Non-compliance with any of these Rules shall not render the proceedings on the appeal void unless the tribunal or the President shall so direct, but the tribunal or the President may give such directions for the purpose of mitigating the consequences of the irregularity as the justice of the case may require.
22. Rules 33 and 37 did not apply to the time limits for bringing proceedings, which were not in the Rules but in the Act.
23. The commencement of proceedings in the First-tier Tribunal (War Pensions and Armed forces Compensation Chamber) is now governed by rule 21 of the Chamber Rules, which provides so far as material:
(1) An appellant must start proceedings by sending or delivering a notice of appeal to the decision maker so that it is received—
(a) in proceedings under section 5(1) of the Pensions Appeal Tribunals Act 1943, within 3 months after the date on which written notice of the decision being challenged was sent to the appellant; or
(b) in other cases under the Pensions Appeal Tribunals Act 1943, within 6 months after the date on which written notice of the decision being challenged was sent to the appellant.
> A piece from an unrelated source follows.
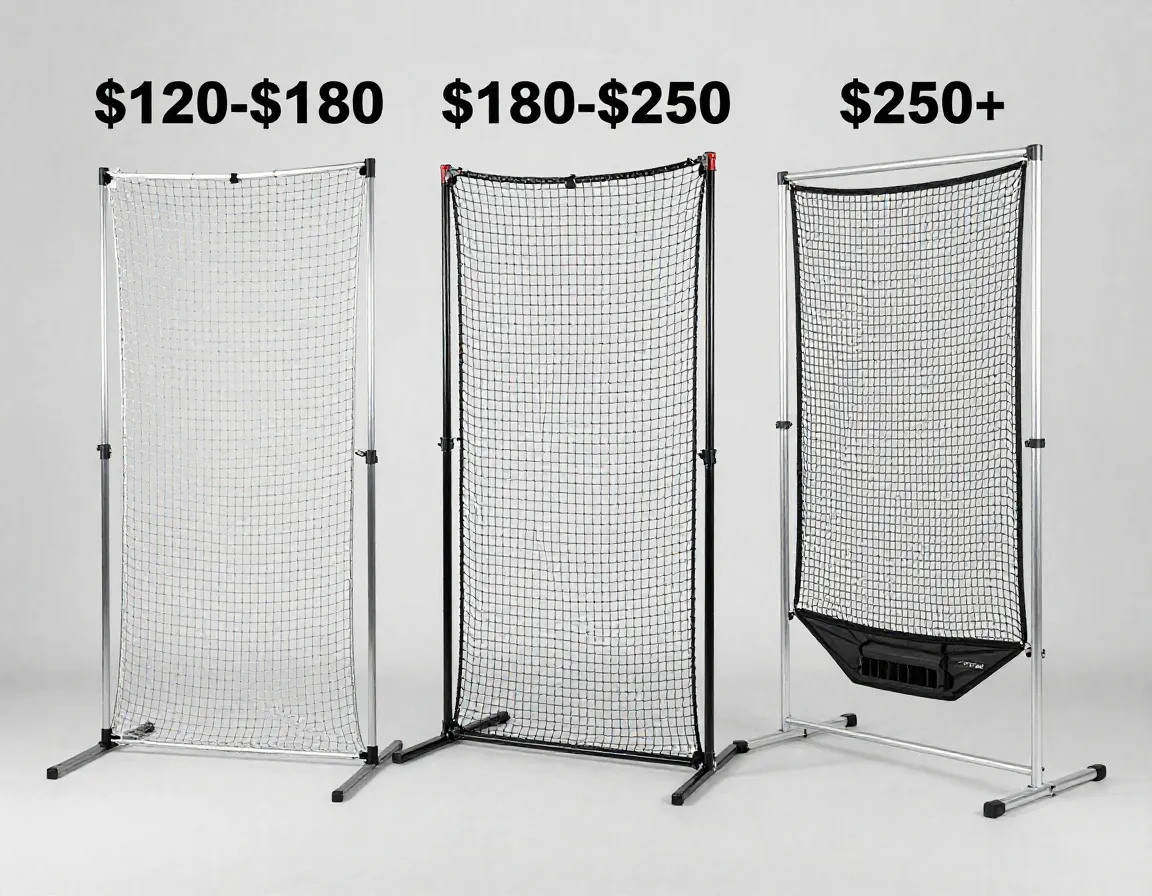 Three golf practice nets displayed at different price points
(2) If the appellant provides the notice of appeal to the decision maker later than the time required by paragraph (1) the notice of appeal must include the reason why the notice of appeal was not provided in time.
(3) Subject to paragraph (4), where an appeal is not made within the time specified in paragraph (1), it will be treated as having been made in time if the decision maker does not object.
(4) No appeal may be made more than 12 months after the time specified in paragraph (1).
(5) The notice of appeal must be in English or Welsh, must be signed by the appellant and must state—
(a) the name and address of the appellant;
(b) the name and address of the appellant’s representative (if any);
(c) an address where documents for the appellant may be sent or delivered;
(d) details (including the full reference) of the decision being appealed; and
(e) the grounds on which the appellant relies.
(6) The decision maker must refer the case to the Tribunal immediately if—
(a) the appeal has been made after the time specified in paragraph (1) and the decision maker objects to it being treated as having been made in time; or
(b) the decision maker considers that the appeal has been made more than 12 months after the time specified in paragraph (1).
(7) Notwithstanding rule 5(3)(a) (case management powers) and rule 7(2) (failure to comply with rules etc.) the Tribunal must not extend the time limit in paragraph 4.
Paragraph 7 was added, with effect from 1 September 2009, by the Tribunal Procedure (Amendment No 2) Rules 2009.
24. Rule 23 requires the decision-maker to provide to the tribunal a response to the notice of appeal accompanied by inter alia a copy of the notice of appeal. This is to be done “as soon as reasonably practical”. As with the 1980 PAT Rules, the appeal is initiated by giving notice of appeal to the Secretary of State. It only reaches the tribunal either once submissions have been exchanged between the parties or in the circumstances envisaged by rule 22(6).
(3) The First-tier Tribunal or Upper Tribunal, as the case may be, may give any direction to ensure that proceedings are dealt with fairly and, in particular, may—
(a) apply any provision in procedural rules which applied to the proceedings before 3rd November 2008; or
(b) disapply provisions of Tribunal Procedure Rules.
(4) In sub-paragraph (3) “procedural rules” means provision (whether called rules or not) regulating practice or procedure before a tribunal.
The submissions
27. At the time I issued a direction in this case in April 20011, there had been an exchange of submissions which had not reached the judge’s file. I gave permission to the Secretary of State to file a further submission and the claimant to reply. There have been further exchanges since my direction, though these largely repeat earlier arguments. I have now considered all the submissions.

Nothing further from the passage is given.